*Work instruction*: The records should be repeated word for word, pictures excluded.

*Entries supplied*:
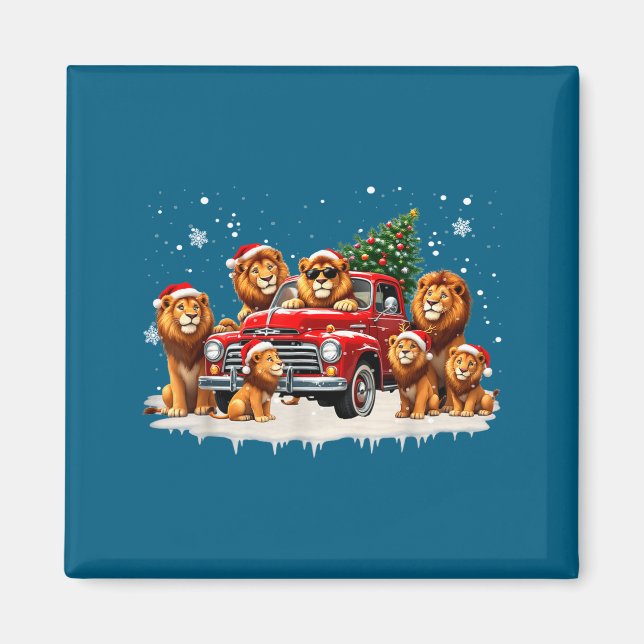 Funny Lion Riding Christmas Tree Truck Christmas  Magnet (Front)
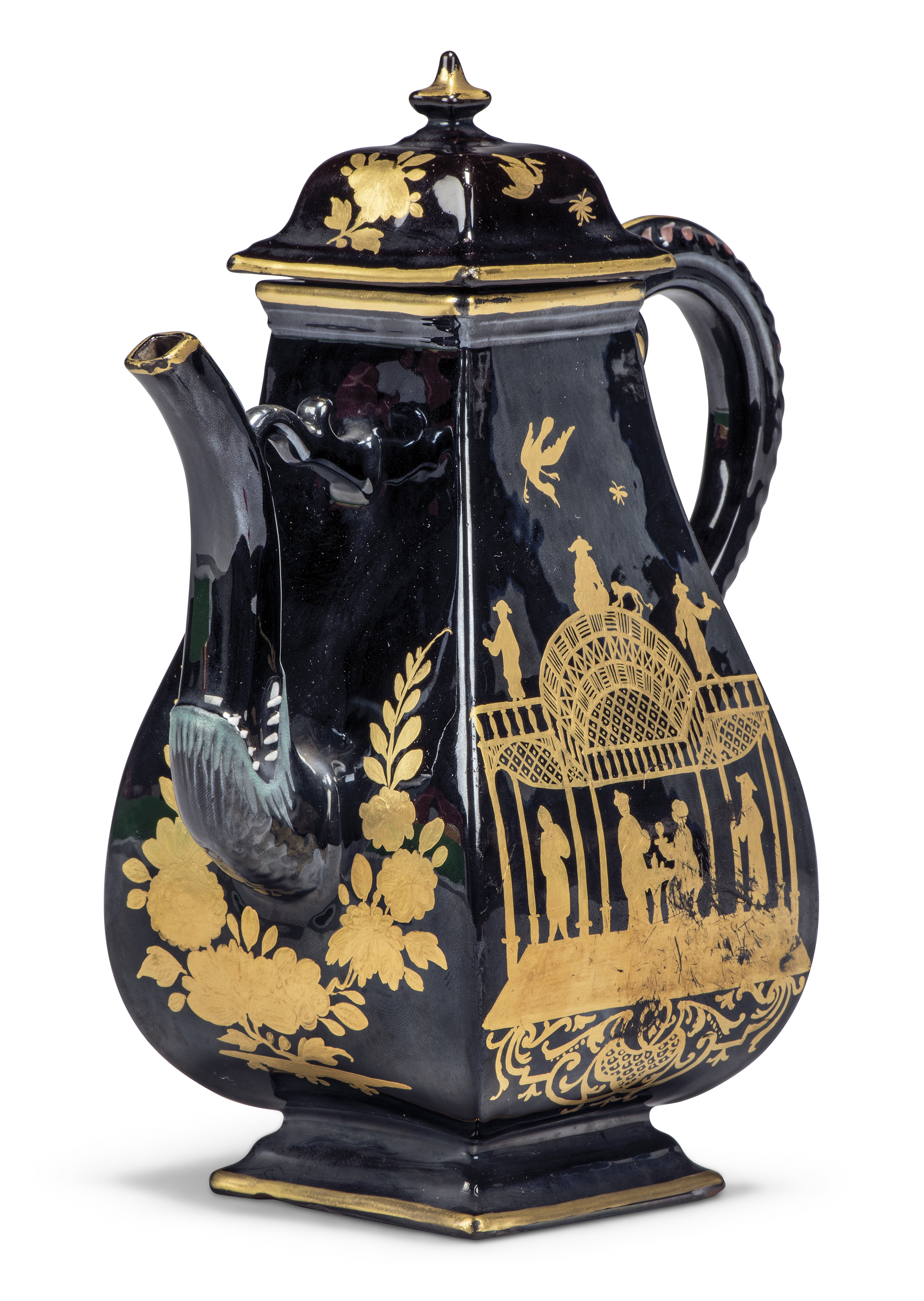 A German red stoneware black lacquer glazed baluster coffee pot and cover, probably 19th century,... - Image 3 of 5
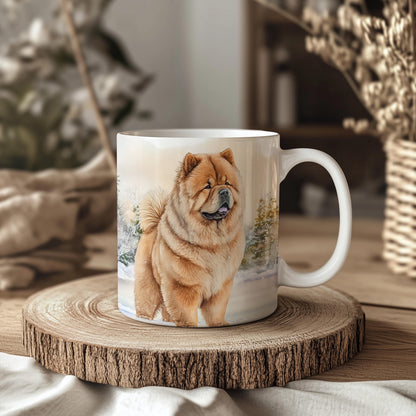 Chow Chow Winter 11oz Ceramic Dog Mug: Unique Pet Lover Gift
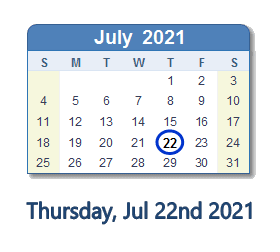 22 July 2021 calendar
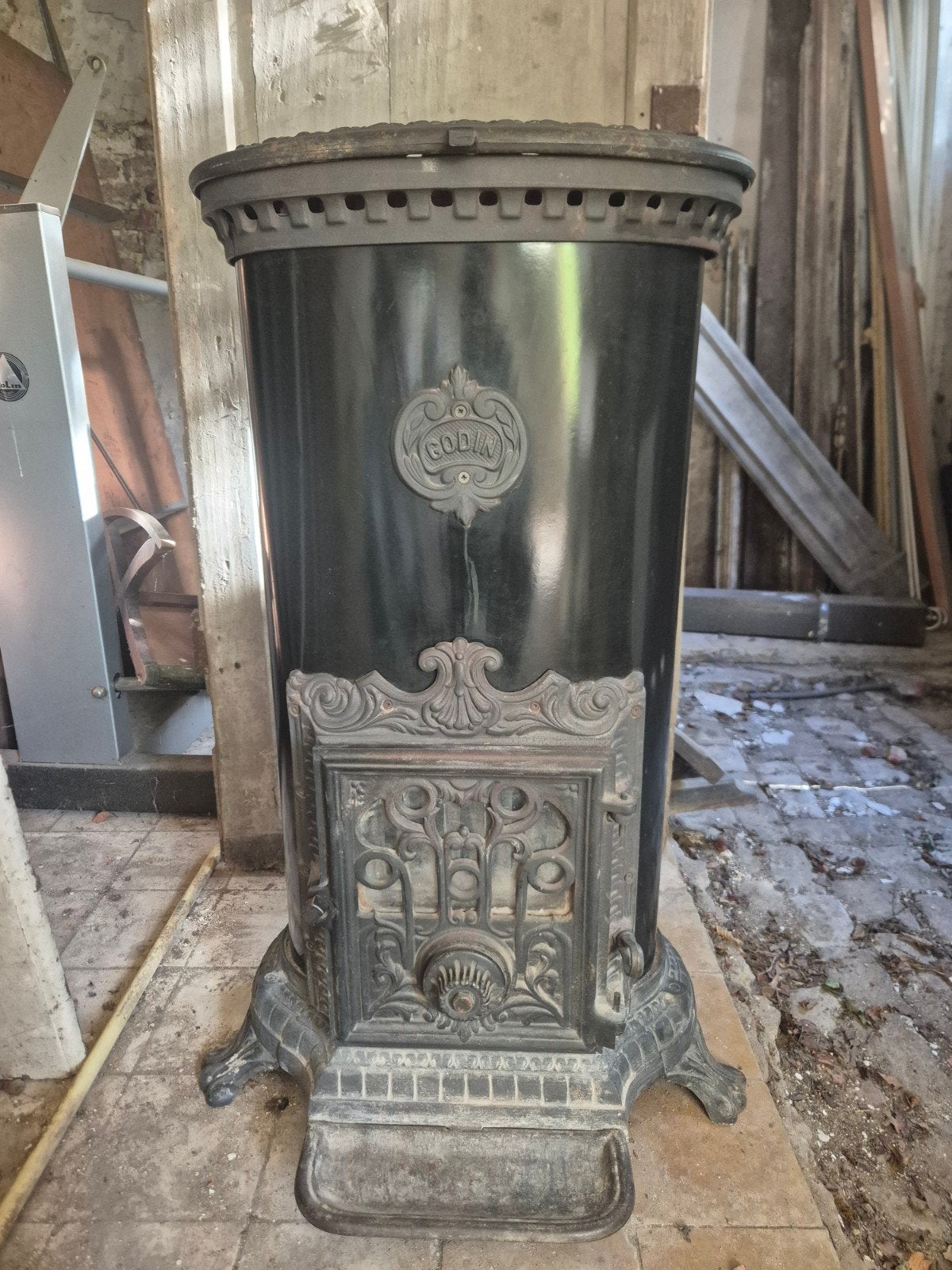 Poêle fonte Godin bois charbon, Ophalen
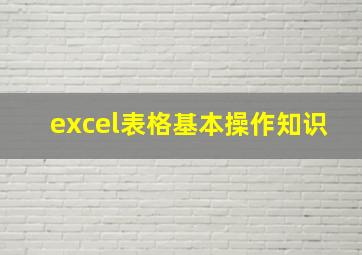 excel表格基本操作知识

*Written response*:
 Funny Lion Riding Christmas Tree Truck Christmas  Magnet (Front)
 A German red stoneware black lacquer glazed baluster coffee pot and cover, probably 19th century,... - Image 3 of 5
 Chow Chow Winter 11oz Ceramic Dog Mug: Unique Pet Lover Gift
 22 July 2021 calendar
 Poêle fonte Godin bois charbon, Ophalen
 excel表格基本操作知识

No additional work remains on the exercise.